> **Problem requirements**
Write down the lines exactly as they appear, from the one that contains "It should land" through the final line of the records, so that both ends are kept and no pictures come along.

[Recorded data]
+-------+

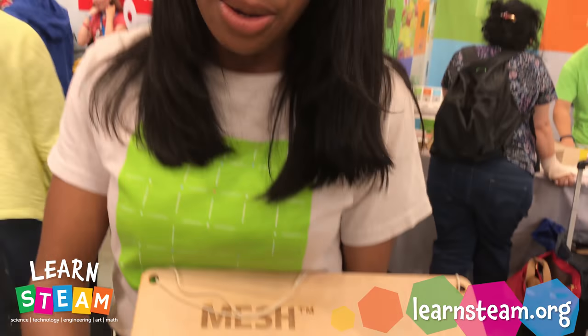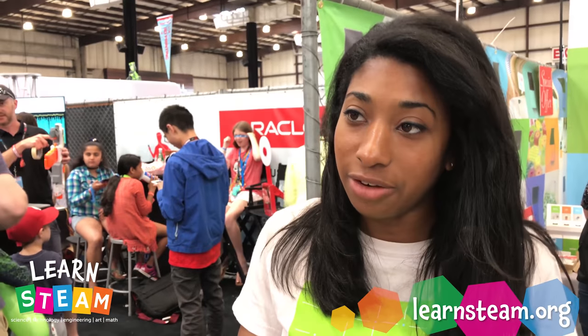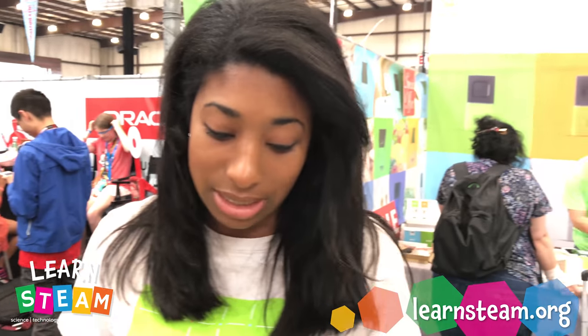It starts at — we have a promo going at $29.99 for Maker Faire, but it typically starts at $39.99.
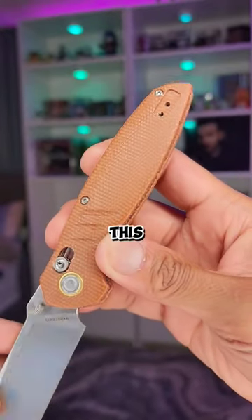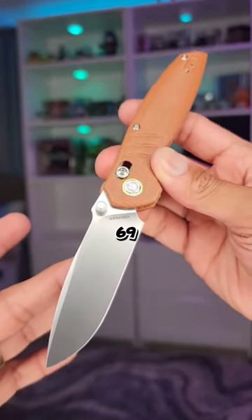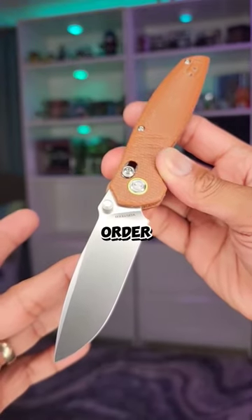I like that it's reversible. My only complaint is I don't like this micarta that much, but I do think this one is awesome. It is $69 and available for pre-order right now.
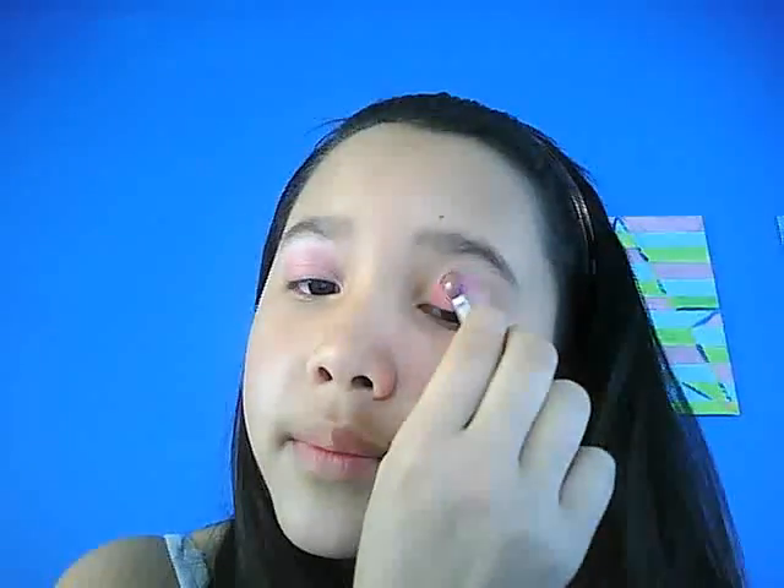So you're just going to start off to the corner, because we're going to be putting yellow in there. We want that all the way up to the brow bone.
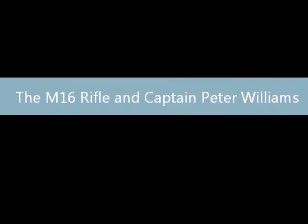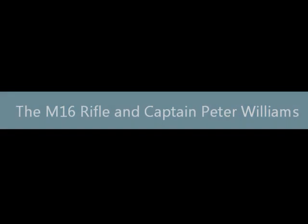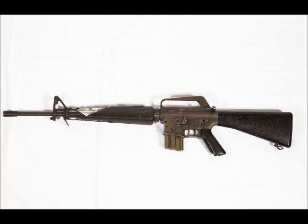The American M16A1 semi-automatic rifle was originally produced in the late 1950s, and by the time the 1960s rolled along, due to being of simple design and very lightweight, it was a weapon of choice for armies throughout the world, including New Zealand, especially in the Vietnam War.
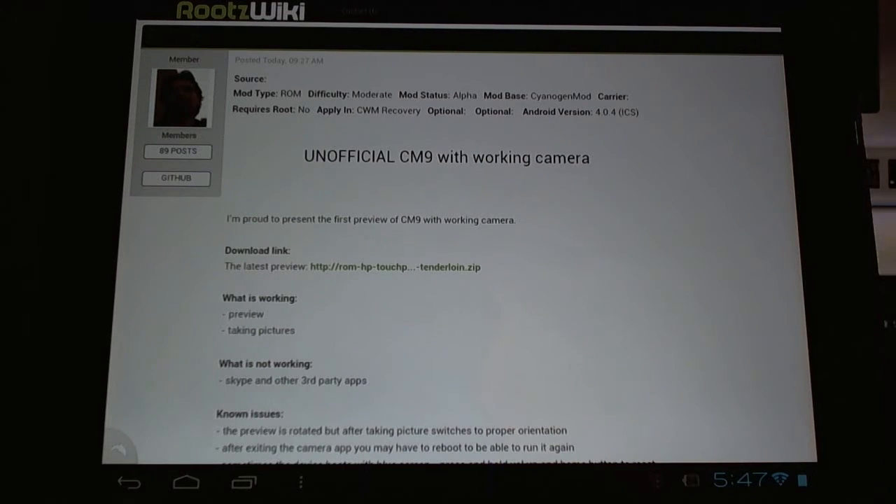Hello CyanogenMod users, great news! Today developer Dorgari has posted an unofficial CyanogenMod 9 ROM with the camera working. That's right, the camera now works on the HP TouchPad with CyanogenMod 9.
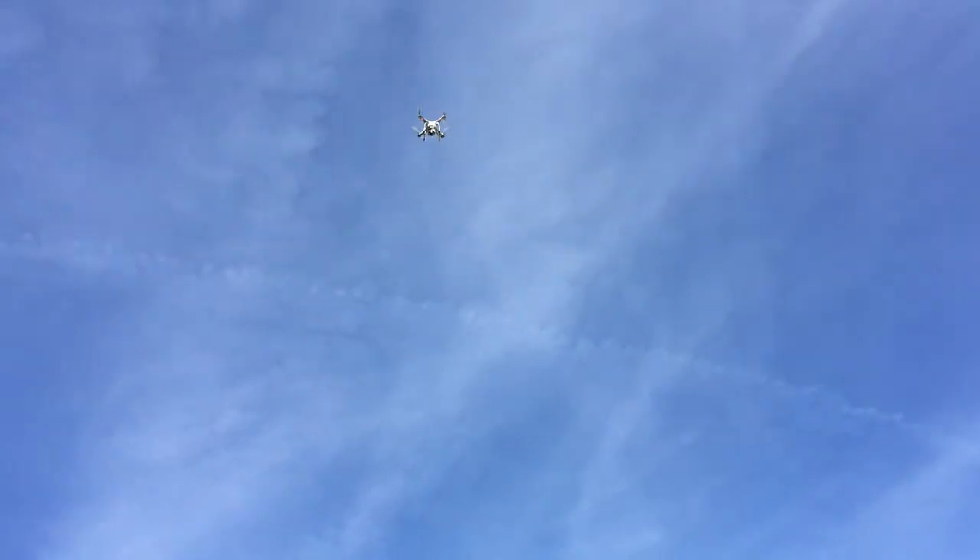It should land now, but I don't see it landing. Yes, there it comes — it is coming home, very slowly. There is a bird. Angry bird.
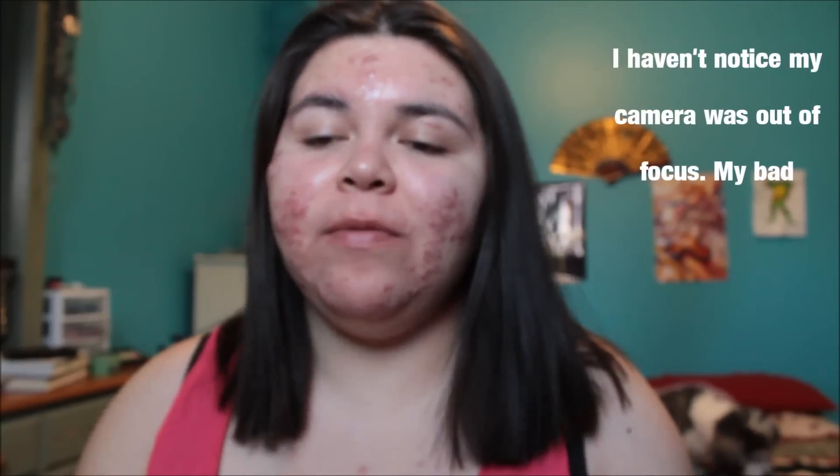Hi everyone, it's Emma and I have a makeup review today. This is my first review so I'm really excited.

+-------+

> **Result**
It should land now, but I don't see it landing. Yes, there it comes — it is coming home, very slowly. There is a bird. Angry bird.
Hi everyone, it's Emma and I have a makeup review today. This is my first review so I'm really excited.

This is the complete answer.